# i need help with math work(reposted)?

**** Please list all answers clearly like: A) answer b)answer C)answer D)answer****

Without graphing, state whether each function has a maximum or a minimum. Then, write each

function in the form y = a(x - h)2 + k and find the minimum or maximum value and the value of x for which it occurs. (complete the square algebraically and using algebra tiles) /12T/I

a) y = 3x2 - 18x + 1

b) y = -4x2 - 32x - 11

c) y = -7x2 + 84x + 19

d) y = 4x2 - 20x + 7

thank you so much!

### 4 Answers

- ?Lv 72 months agoFavorite Answer
// Note that all these functions are PARABOLAs.
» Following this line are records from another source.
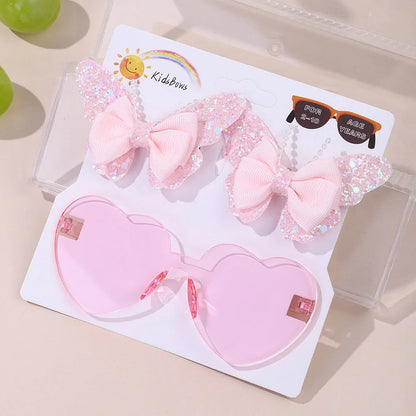 Sparkling Butterfly Hair Clip & Love Glasses Set – Fashion Kids Hair Accessories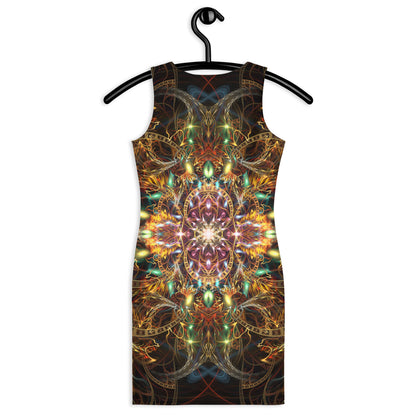 Back view of the "Sigil of Valor" bodycon dress with its fractal mandala print.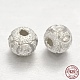 Strukturierte 925 runde Perlen-Abstandshalter aus Sterlingsilber STER-E041-06C-1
// If the leading term of the parabola is POSITIVE,

// the parabola is CONCAVE UP (U-shaped) so

// it won't have any maximum, but it will have a

// minimum at its vertex

// If the leading term of the parabola is NEGATIVE,

// the parabola is CONCAVE DOWN (∩-shaped) so

// it won't have any minimum, but it will have a

// maximum at its vertex

// If the parabola is given in standard form,

// f(x) = ax²+bx+c

// its vertex will be at (x,y) = (-b/2a, f(-b/2a))

// If the parabola is written in vertex form,

// y = a(x-h)² + k

// where the vertex is (h,k)

// To convert between the 2 equation forms,

// pay attention to the vertex:

// h = -b/2a and k = f(-b/2a)

a) y = 3x² - 18x + 1

LEADING TERM 3x² > 0 ⇒ CONCAVE UP

⇒ No maximum

⇒ Minimum at vertex (3, -26)

VERTEX FORM y = 3(x-3)²-26

---------------------------

b) y = -4x² - 32x - 11

LEADING TERM -4x² < 0 ⇒ CONCAVE DOWN

⇒ No minimum

⇒ Maximum at vertex (-4, 53)

VERTEX FORM y = -4(x+4)²+53

---------------------------

c) y = -7x² + 84x + 19

LEADING TERM -7x² < 0 ⇒ CONCAVE DOWN

⇒ No minimum

⇒ Maximum at vertex (6, 271)

VERTEX FORM y = -7(x-6)²+271

---------------------------

d) y = 4x² - 20x + 7

LEADING TERM 4x² < 0 ⇒ CONCAVE UP

⇒ No maximum

⇒ Minimum at vertex (6, 271)

VERTEX FORM y = -7(x-6)²+271

--------------------------

For verification, the graphs of the above parabolas have been provided.

- billrussell42Lv 72 months ago
telling me exactly how to format my answers means you are too lazy to do that, and also means no answer from me.

- ted sLv 72 months ago
why reposted ?? you certainly can complete the square...and min ; max ; max ; min...lead coefficient > 0 means min.....c) - 7 ( x - 6)² + 7 (6²) + 19 & x = 6

- llafferLv 72 months ago
I'll show the first one and explain it. The others are all pretty much the same.

You want to get the values into vertex form:

y = a(x - h)² + k

This is a quadratic with the vertex at (h, k). The value "k" is your min or max at the value x = h. "k" is a minimum if "a" is positive and "k" is a maximum if "a" is negative.

So the first one:

y = 3x² - 18x + 1

To prepare for completing the square, the right side has to be in the form (x² + bx)

We can get the equation to this form by subtracting 1 from both sides, then dividing both sides by 3:

y = 3x² - 18x + 1

y - 1 = 3x² - 18x

(y - 1) / 3 = x² - 6x

Now we can complete the square by adding 9 to both sides:

9 + (y - 1) / 3 = x² - 6x + 9

Now we can factor the right side:

9 + (y - 1) / 3 = (x - 3)²

Finally, solve for y again keeping that binomial-squared in tact:

(y - 1) / 3 = (x - 3)² - 9

y - 1 = 3(x - 3)² - 27

y = 3(x - 3)² - 26

So here is your vertex form. It tells us that y = -26 is the minimum at x = 3.

We know it's a minimum since the "a" is positive.